#### [Problem requirements]
Everything below from the line with "Manicure and Pedicure Course" through the line with "Camera IP Speed" must be retyped exactly, except the pictures.

[Exercise inputs — start]

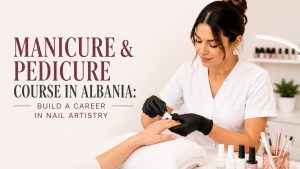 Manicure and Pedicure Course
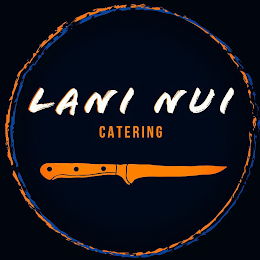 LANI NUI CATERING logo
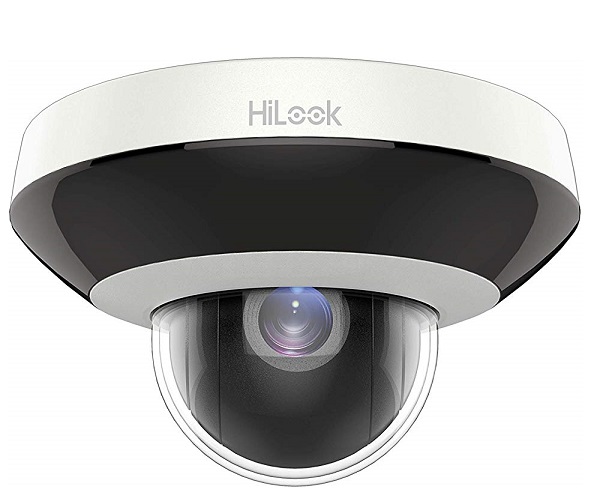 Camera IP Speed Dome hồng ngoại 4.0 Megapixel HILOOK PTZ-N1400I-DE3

[Exercise inputs — finish]
[Exercise inputs — start]

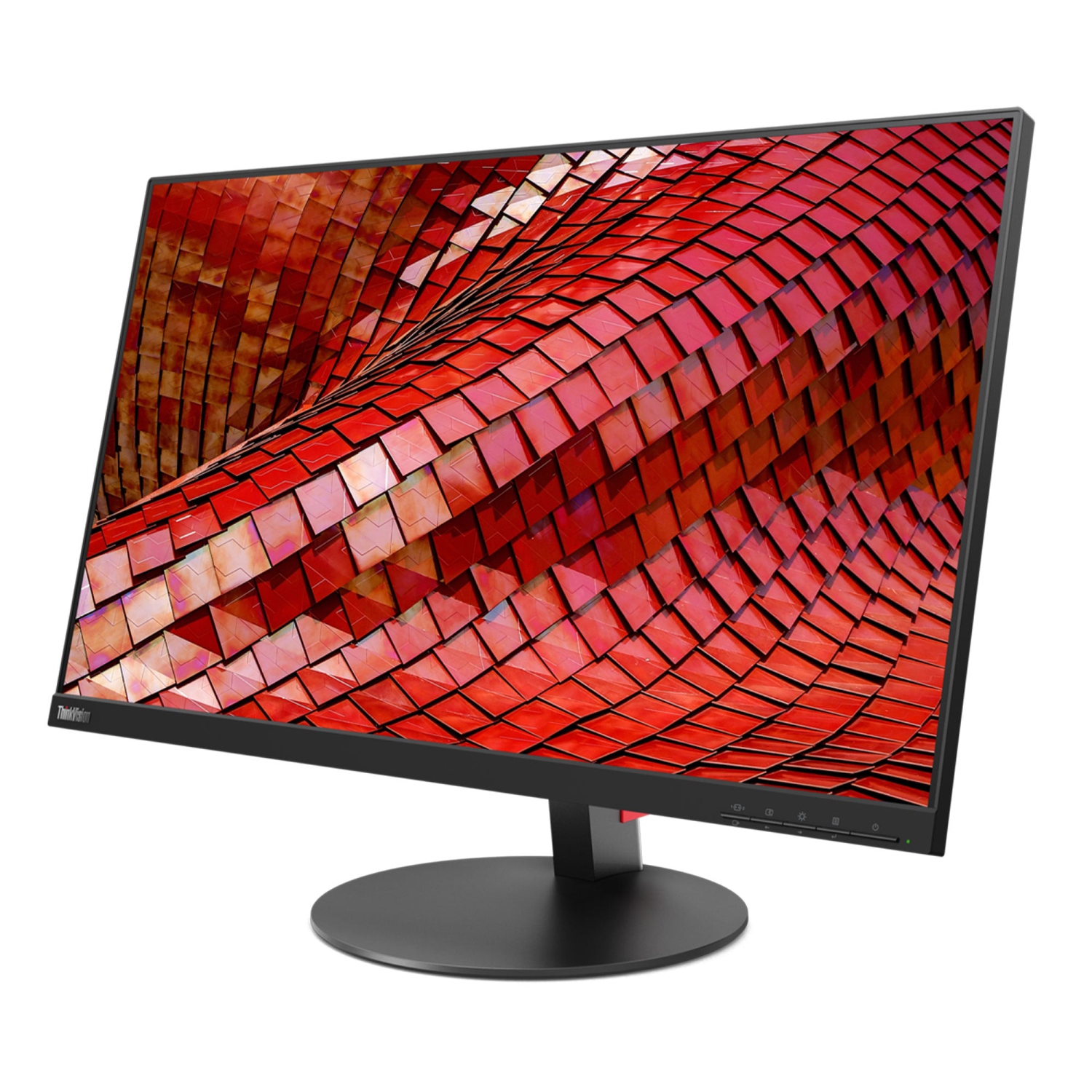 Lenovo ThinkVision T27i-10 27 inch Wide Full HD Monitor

[Exercise inputs — finish]

#### [Final answer]
 Manicure and Pedicure Course
 LANI NUI CATERING logo
 Camera IP Speed Dome hồng ngoại 4.0 Megapixel HILOOK PTZ-N1400I-DE3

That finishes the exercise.